Data to use:
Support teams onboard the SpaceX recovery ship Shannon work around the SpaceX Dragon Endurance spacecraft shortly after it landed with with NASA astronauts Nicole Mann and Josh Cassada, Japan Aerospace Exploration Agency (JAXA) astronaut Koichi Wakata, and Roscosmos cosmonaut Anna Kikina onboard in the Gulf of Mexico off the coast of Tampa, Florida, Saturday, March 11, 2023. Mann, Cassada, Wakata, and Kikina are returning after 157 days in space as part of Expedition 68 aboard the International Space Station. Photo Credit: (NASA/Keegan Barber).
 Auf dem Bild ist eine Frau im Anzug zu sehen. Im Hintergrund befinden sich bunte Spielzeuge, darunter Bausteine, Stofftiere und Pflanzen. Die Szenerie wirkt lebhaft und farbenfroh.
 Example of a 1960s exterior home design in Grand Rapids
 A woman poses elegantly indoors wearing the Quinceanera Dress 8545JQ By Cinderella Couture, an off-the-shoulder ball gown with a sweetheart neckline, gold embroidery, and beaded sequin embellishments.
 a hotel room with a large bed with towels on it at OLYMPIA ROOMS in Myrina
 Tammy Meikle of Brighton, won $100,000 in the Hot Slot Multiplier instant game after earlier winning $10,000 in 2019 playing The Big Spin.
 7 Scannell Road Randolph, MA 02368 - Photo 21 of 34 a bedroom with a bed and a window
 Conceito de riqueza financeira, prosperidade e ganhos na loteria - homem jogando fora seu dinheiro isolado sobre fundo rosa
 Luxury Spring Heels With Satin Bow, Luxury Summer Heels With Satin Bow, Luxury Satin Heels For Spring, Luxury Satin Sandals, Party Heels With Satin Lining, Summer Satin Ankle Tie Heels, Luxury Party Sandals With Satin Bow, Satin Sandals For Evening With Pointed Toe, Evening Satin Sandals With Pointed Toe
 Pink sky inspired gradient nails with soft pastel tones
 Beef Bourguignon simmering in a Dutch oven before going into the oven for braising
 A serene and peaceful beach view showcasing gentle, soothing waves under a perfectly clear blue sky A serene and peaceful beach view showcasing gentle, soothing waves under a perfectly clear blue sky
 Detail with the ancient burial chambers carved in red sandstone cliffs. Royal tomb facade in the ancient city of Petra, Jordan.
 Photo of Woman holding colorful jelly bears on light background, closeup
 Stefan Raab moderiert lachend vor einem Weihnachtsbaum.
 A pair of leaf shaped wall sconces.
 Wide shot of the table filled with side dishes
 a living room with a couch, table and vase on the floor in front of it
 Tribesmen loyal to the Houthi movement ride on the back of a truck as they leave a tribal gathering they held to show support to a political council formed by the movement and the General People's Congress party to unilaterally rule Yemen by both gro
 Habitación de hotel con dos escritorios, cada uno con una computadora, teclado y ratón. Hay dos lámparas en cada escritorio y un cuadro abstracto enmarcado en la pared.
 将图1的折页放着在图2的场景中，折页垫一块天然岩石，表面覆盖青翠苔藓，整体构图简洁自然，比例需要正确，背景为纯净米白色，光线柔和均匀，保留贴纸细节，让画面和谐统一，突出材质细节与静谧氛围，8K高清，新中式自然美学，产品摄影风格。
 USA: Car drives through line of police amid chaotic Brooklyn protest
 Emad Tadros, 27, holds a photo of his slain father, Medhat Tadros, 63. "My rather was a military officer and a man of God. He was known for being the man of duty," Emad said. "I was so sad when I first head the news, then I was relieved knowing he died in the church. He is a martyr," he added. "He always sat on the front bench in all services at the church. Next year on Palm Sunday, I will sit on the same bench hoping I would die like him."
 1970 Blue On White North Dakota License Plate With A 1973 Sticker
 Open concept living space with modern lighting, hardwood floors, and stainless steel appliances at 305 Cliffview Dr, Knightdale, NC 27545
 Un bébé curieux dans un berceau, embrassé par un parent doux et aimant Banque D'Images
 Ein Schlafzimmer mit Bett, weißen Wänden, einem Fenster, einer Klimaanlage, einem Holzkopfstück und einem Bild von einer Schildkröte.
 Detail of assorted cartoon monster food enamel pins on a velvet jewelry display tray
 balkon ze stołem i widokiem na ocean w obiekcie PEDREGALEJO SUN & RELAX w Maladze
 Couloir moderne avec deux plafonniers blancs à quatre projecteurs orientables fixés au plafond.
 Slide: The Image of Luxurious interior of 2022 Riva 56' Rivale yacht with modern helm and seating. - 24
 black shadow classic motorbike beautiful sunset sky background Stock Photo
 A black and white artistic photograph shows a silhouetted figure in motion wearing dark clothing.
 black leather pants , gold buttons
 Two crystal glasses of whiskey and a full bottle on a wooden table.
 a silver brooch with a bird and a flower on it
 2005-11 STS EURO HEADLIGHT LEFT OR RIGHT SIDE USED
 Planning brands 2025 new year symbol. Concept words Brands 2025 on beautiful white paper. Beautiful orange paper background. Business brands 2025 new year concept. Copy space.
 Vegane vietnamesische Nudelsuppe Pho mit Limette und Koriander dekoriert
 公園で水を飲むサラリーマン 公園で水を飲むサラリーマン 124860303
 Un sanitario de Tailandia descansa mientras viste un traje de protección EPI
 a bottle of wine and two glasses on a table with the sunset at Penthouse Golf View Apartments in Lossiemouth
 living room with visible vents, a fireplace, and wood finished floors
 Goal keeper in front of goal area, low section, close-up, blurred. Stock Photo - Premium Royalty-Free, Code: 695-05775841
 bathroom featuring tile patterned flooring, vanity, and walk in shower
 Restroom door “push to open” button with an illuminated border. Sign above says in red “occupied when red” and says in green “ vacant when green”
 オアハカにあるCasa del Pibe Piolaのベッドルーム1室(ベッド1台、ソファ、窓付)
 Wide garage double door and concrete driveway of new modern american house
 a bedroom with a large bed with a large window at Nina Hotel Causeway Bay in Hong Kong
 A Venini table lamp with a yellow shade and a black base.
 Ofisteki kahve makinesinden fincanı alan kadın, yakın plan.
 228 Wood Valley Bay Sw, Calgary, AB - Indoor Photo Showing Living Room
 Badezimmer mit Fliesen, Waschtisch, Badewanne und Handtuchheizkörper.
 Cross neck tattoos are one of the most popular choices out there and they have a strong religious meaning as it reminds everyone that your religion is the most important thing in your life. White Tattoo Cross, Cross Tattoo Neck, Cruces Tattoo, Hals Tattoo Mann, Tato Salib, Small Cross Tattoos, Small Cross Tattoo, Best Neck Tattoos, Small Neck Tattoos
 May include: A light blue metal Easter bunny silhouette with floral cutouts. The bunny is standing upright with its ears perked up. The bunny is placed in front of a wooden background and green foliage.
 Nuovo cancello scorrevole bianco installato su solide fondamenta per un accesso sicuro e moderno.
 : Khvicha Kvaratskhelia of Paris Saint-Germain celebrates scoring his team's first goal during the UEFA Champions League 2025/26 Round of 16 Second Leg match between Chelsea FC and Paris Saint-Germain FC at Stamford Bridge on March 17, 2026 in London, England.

Problem to solve: Wherever the string "einem" appears in the listing above, show the whole line.

Solved exercise:
 Stefan Raab moderiert lachend vor einem Weihnachtsbaum.
 Ein Schlafzimmer mit Bett, weißen Wänden, einem Fenster, einer Klimaanlage, einem Holzkopfstück und einem Bild von einer Schildkröte.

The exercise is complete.